So, with this in mind, how do you estimate, quote, pitch or bid when agile methods are so fluid and you have to work to a fixed cost? You know the least about how long a project will take and what is involved right at the beginning. Using the Cone of Uncertainty, you’ll be between 4x and 0.5x inaccurate with your estimate of an end date (eg: at the beginning of a project that you estimate takes a month, it could take between four months and two weeks)?

Some metrics

There’s a few metrics you’ll need in order to derive costs from estimates:

  • Day Rate: How much a team costs per day. This is only ever going to be a rule of thumb (as there are holiday, illness, training etc.). But you should make it as accurate as possible. This becomes a key metric in working out costs from estimates. You should make sure that your client understands that for the purposes of estimating and pitching, this is an accurate, but rough figure.
  • Best, worst and average velocity: these are important metrics. Your average velocity is simple, add all your sprint velocities together and divide by the number of sprints. You could make this more realistic by using a rolling four sprint velocity, this then takes into account changes in team size, tooling or process. However, for the purposes of estimating the cost of project up front, the average will do.
    The best and worst velocities are derived by taking an average of your three most successful sprints and the three least successful sprints. Why you need these will become clear later.
    Should you have multiple teams and you’re not sure which team will be working on your project, then take an average across all the teams.

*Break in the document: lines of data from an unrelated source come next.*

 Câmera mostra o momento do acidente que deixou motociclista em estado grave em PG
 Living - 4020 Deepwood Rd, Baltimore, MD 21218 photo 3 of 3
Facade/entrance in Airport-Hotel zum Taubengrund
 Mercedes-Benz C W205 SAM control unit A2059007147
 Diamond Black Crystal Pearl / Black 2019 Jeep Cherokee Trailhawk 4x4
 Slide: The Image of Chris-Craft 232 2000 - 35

If you don’t have this data, you have two options: guesstimate, or use the cone of uncertainty.

Honesty and transparency

The fundamental tenet in any of these below strategies is complete honesty and transparency with your client. You’ll also need to invest three or four days (maybe less, it will depend on how practiced you are at this process, it will become quicker) in your client, it might sound like a lot and there is a risk there might not be a contract at the end of it, but it is worth it. Once you’ve deeply involved your client in the process from the start, they’ll feel like they’ve already started the project and so it’s easy for them to transition to being a paying customer.

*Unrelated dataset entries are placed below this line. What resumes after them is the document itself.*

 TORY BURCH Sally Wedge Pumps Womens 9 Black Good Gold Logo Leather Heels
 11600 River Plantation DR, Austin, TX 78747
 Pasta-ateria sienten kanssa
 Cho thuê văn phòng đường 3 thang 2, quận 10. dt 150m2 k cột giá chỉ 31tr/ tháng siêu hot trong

From the outset, you’ll need to explain that you do things a little differently to other agencies. Whatever framework you choose to use (scrum, kanban, etc), spend some time explaining to the client what it is, how it works and why you use it. If you’re a little stuck, here are some ideas

  • It gives you a realistic view of the progress and scope of the project.
  • It gives you, as the client and stakeholder, complete control over what features make it into the final product and which don’t.
  • It allows us to deploy features to live as soon as we’re ready to, meaning you can be getting value from our work and your product, even before we’ve finished it.
  • These early and frequent deployments allow you to test your assumptions about your own users and customers and, if necessary, change the features or product without additional cost.
  • You will be encouraged to be involved throughout the whole lifecycle of the project and can view each separate feature as soon as it’s finished to help guide and steer the project toward exactly what you want (which might not be what you originally asked for).

The best way to do this is to invite your client in for a half-day, high level training and workshop. Run some exercises to illustrate the key points and answer all their queries – this is a new thing for many companies who aren’t used to this kind of agile environment, so it’s definitely worth introducing your client to it if they haven’t experienced it before.

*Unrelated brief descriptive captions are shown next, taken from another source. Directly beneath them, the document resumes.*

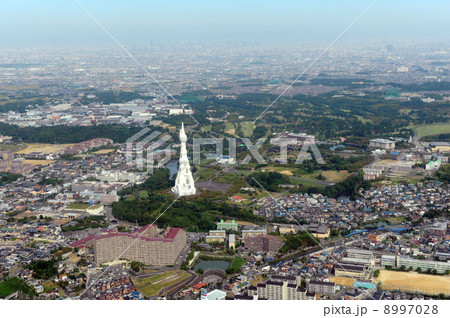 富田林市大平和祈念塔を空撮 富田林市大平和祈念塔を空撮 8997028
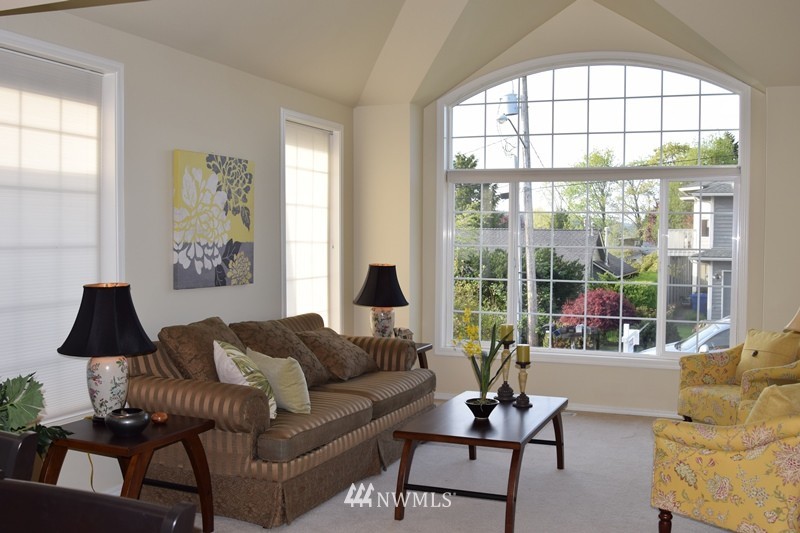 1003 North 33rd Street Renton, WA 98056 - Photo 2 of 16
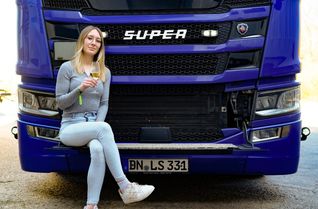 „Elsa“ ist ihr ganzer Stolz: Junge Truckerin Melanie organisiert Festival in Burg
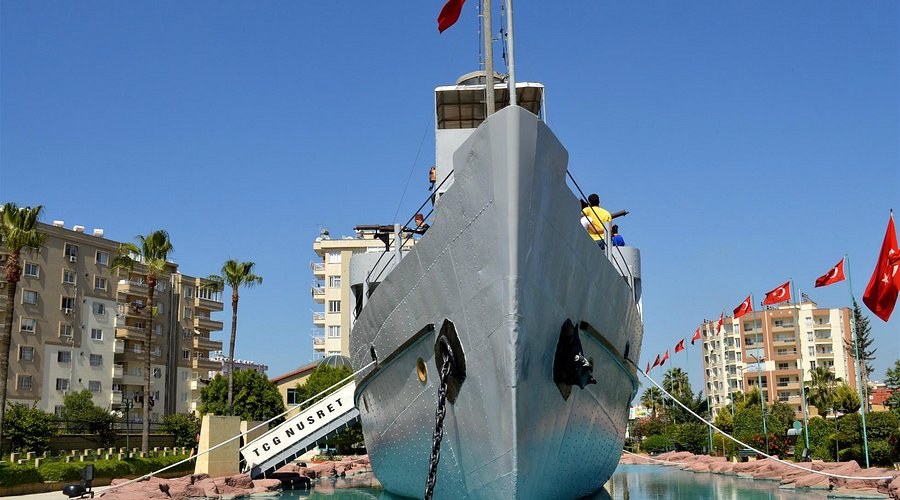 Çanakkale Naval Museum & Nusret Minelayer: Private Expert Tour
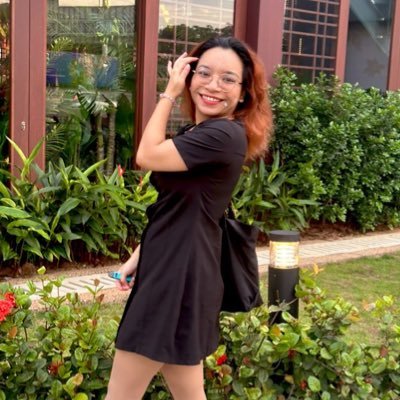 itsathenaa__'s profile picture. SHE is a raging feminist mother with HER own podcast while earning USD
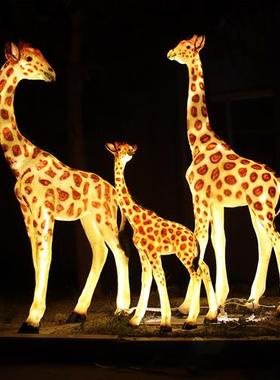 仿真长颈鹿玻璃钢雕塑户外大型发光假动物模型幼儿园装饰落地摆件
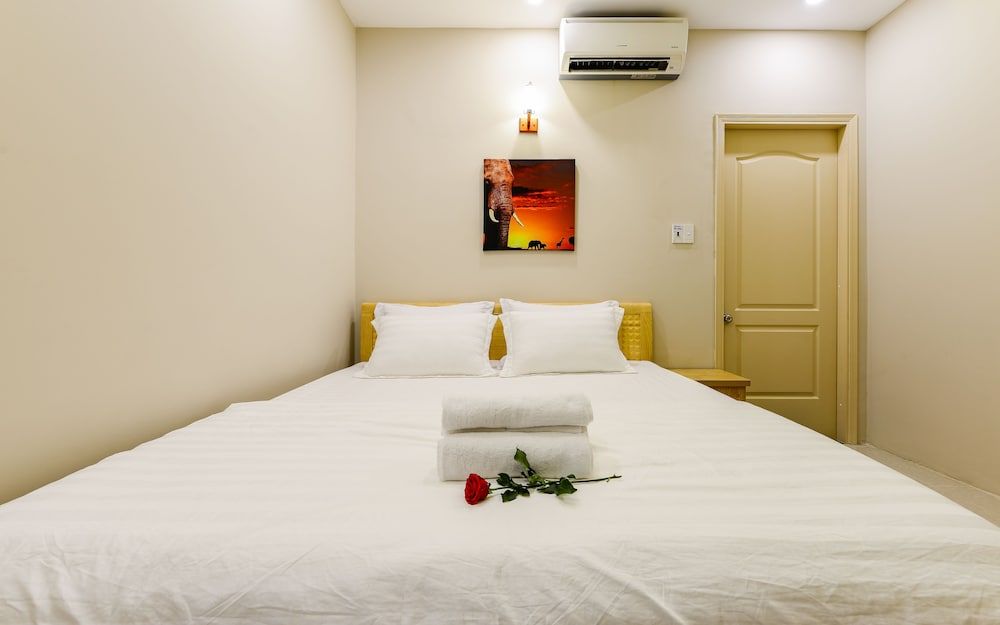 Condo, 3 Bedrooms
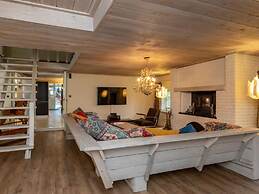 Charming Beach Villa With Thatched Roof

The next step is to create some artifacts. Once you have a brief in hand and have spent some time with your product team and analysts and have a really good understanding of the brief, the market, the competitors etc, invite the client in again in order to build a product backlog of user stories. Set the scene for them and explain that, unlike other agencies, you won’t write a functional spec, or a technical spec, because they’re a waste of time. What you will do is write user stories, which describe each feature from the users’ point of view and what value each of the stories will bring.

Labour the point too. Ensure your client *really* understands that you won’t be building ANYTHING that you can’t find the value for and WHY you take that stance. If a feature, or some functionality, has no value, then why would you build it?

Work quickly through the brief and your research and build a backlog of epics with your client. Don’t spend longer than an hour or two on this and, if you have somebody, get someone to facilitate the meeting so you don’t get bogged down in ANY technicalities, or discussions that are long or drawn out. Once you’ve got your list of epics, have the client order them – which are the highest priority things? What user/customer value do they want to deliver first? Don’t worry about dependencies right now, this is only rough.

Finally, break the highest priority epic into a few slightly smaller stories. This isn’t strictly necessary, but will help the client understand the process better. Again, this shouldn’t take longer than 30 mins.

The estimate and the pitch.

Now you’ve got your feature list of epics and some smaller stories for the highest priority, get some estimating done. I won’t cover it here, but you can read the article on white elephant estimating, or watch my presentation on agile estimation. Try and use the team that will actually be doing the work. If you haven’t got a team, or not sure which of your teams will be doing it, then pick engineers, designers and QAs from multiple teams – you’re only looking for roughly accurate figures. If it’s proving too difficult because of the epics, then break some into smaller stories – getting epics and stories sized well enough to estimate will become easier with practice.

Finally, you’re in a position to pitch, but how do you do it? It all depends on your clients requirements.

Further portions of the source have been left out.